La energía es el motor invisible que sostiene la vida moderna: desde la iluminación en los hogares y el funcionamiento de los centros de salud, hasta la operatividad de las escuelas y la industria. En el marco del Día de la Energía, el balance nacional muestra avances históricos, pero también deudas pendientes que exigen una mirada integral hacia el futuro.

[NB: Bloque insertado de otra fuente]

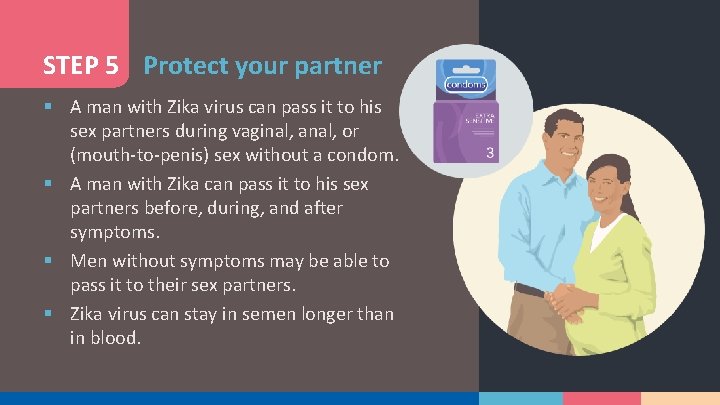 STEP 5 Protect your partner § A man with Zika virus can pass it
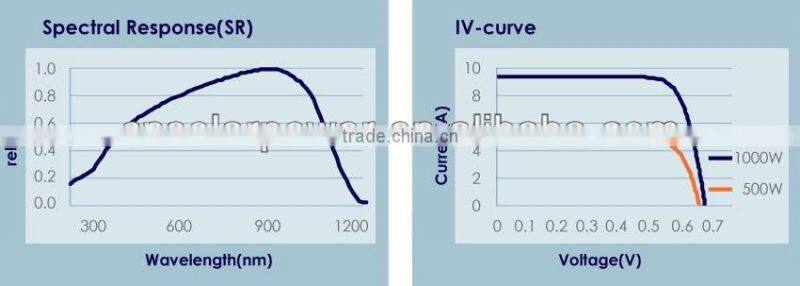 3BB polycrystalline solar cells for sale direct china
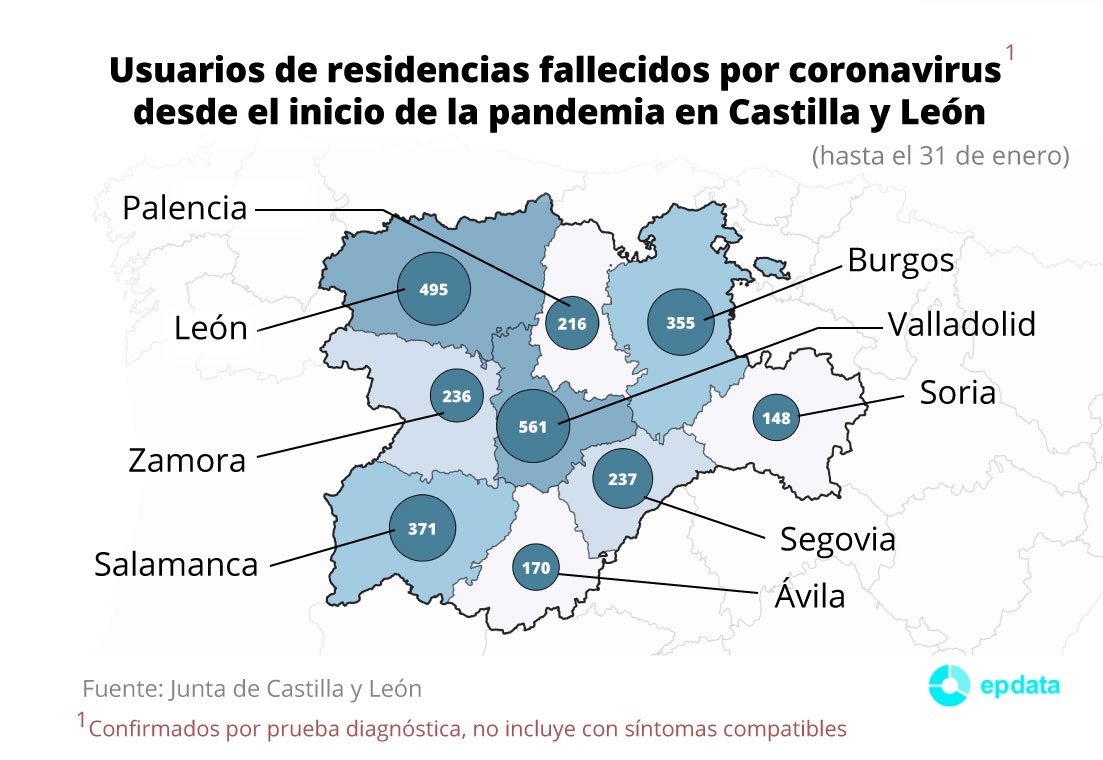 Usuarios de residencias fallecidos por coronavirus desde el inicio de la pandemia en Castilla y León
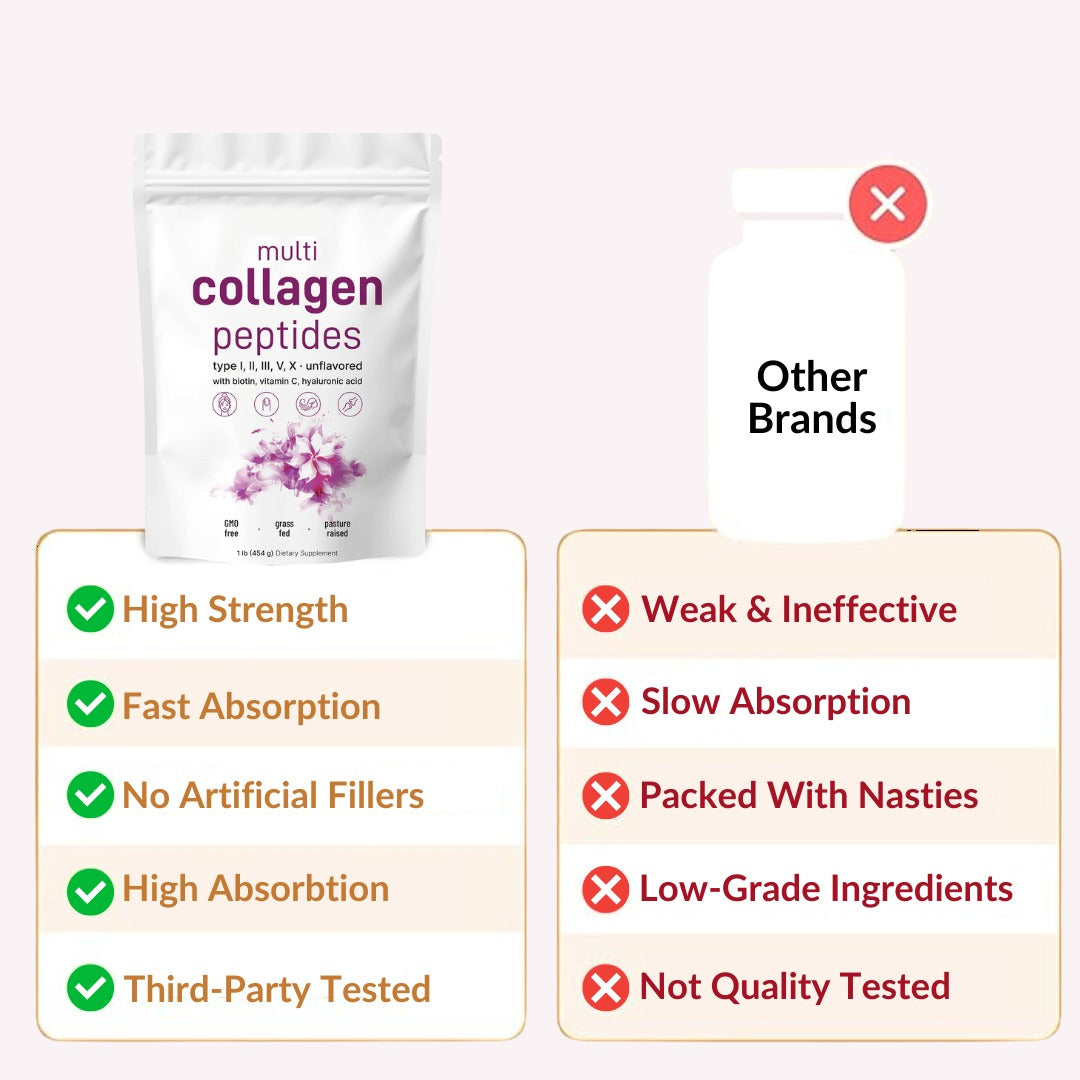 Multi Collagen Peptides Powder – Daily Collagen Support Supplement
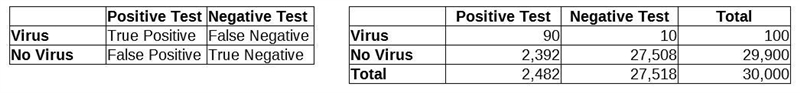 A certain virus infects one in every 300 people. A test used to detect the virus in-example-1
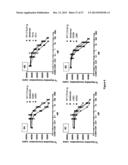 CTLA4 PROTEINS AND THEIR USES diagram and image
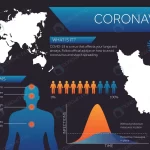 iran map covid coronavirus infographic design tem crcc085682c size3.24mb - title:Home - اورچین فایل - format: - sku: - keywords:وکتور,موکاپ,افکت متنی,پروژه افترافکت p_id:63922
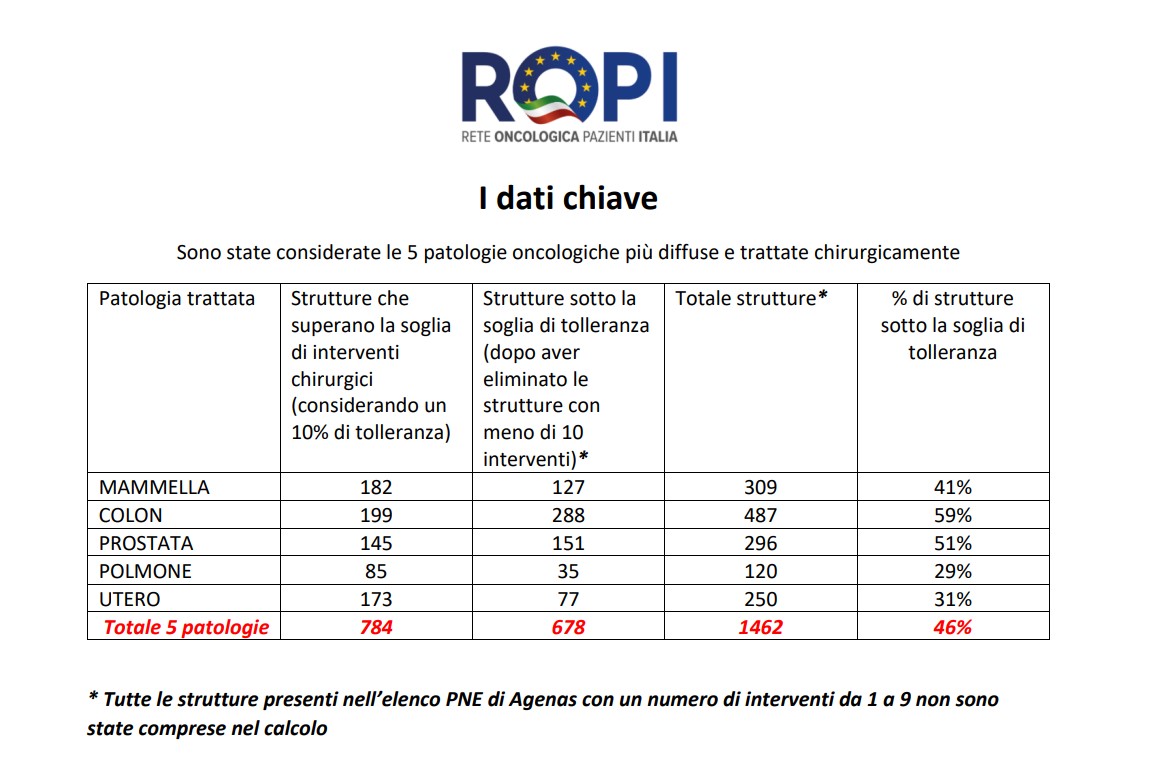 Tumori: un ospedale su due esegue interventi ‘sotto soglia’ e solo 13 hanno il “bollino” di qualità per i percorsi assistenziali 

De acuerdo con cifras del Ministerio de Energía y Minas (Minem), el Perú ha logrado un salto cuantitativo fundamental en las últimas décadas. A inicios de los años noventa, la cobertura eléctrica nacional no superaba el 55 %; hoy, esa cifra bordea el 97 % de la población. Sin embargo, la estadística oculta una realidad apremiante: alrededor de un millón de peruanos, concentrados principalmente en zonas rurales, aún viven desconectados de la red eléctrica.
El trilema energético: Seguridad, acceso y sostenibilidad
Los especialistas del sector coinciden en que el desarrollo energético actual ya no depende únicamente de generar más megavatios, sino de resolver un complejo equilibrio: garantizar que la energía sea segura y confiable, que sea económicamente accesible para todos, y que provenga de fuentes cada vez más limpias.
En este engranaje, la transmisión energética juega un rol estelar. Las líneas de transmisión son las «carreteras» que permiten que la energía producida en una región con alto potencial (como las zonas eólicas o solares) llegue a los centros de consumo, conectando territorios y democratizando las oportunidades.

Bajo su Estrategia 2040, ISA ENERGÍA busca acompañar la transición energética de manera sostenible, asegurando que el desarrollo llegue de forma equitativa a todo el territorio y protegiendo el medio ambiente a largo plazo. (Foto: DIfusión)
Desde el sector privado, empresas como ISA ENERGÍA han asumido el reto de expandir esta infraestructura. Actualmente, la compañía opera una red de transmisión con presencia en 21 regiones del país, facilitando la continuidad del servicio para millones de usuarios.
“La energía es mucho más que electricidad. Es desarrollo, seguridad y oportunidades para las personas. Fortalecer la infraestructura que conecta al país nos permite reducir brechas, integrar energías renovables y seguir mejorando la calidad de vida en las regiones”, señaló Lina Coy, gerente de Proyectos de ISA ENERGÍA.
Transición con visión al 2040
Mirar hacia el futuro implica robustecer el Sistema Eléctrico Interconectado Nacional (SEIN) para soportar la intermitencia de las nuevas energías renovables (solar y eólica) y asegurar que el desarrollo llegue de forma equitativa a cada rincón del territorio.
Bajo su Estrategia 2040, denominada «Energía que da vida a la transición», ISA ENERGÍA busca acompañar este proceso de manera sostenible, reafirmando que una transición energética responsable es aquella que no deja a nadie atrás y protege el medio ambiente a largo plazo.
El Dato:
- Avance histórico: La electrificación en Perú pasó del 55 % (1990s) al 97 % (actualidad).
- La brecha: 1 millón de peruanos sin electricidad (mayoría rural).
- El rol clave: La red de transmisión opera como la columna vertebral para llevar energía limpia de una región a otra, operando en 21 regiones a través de ISA ENERGÍA.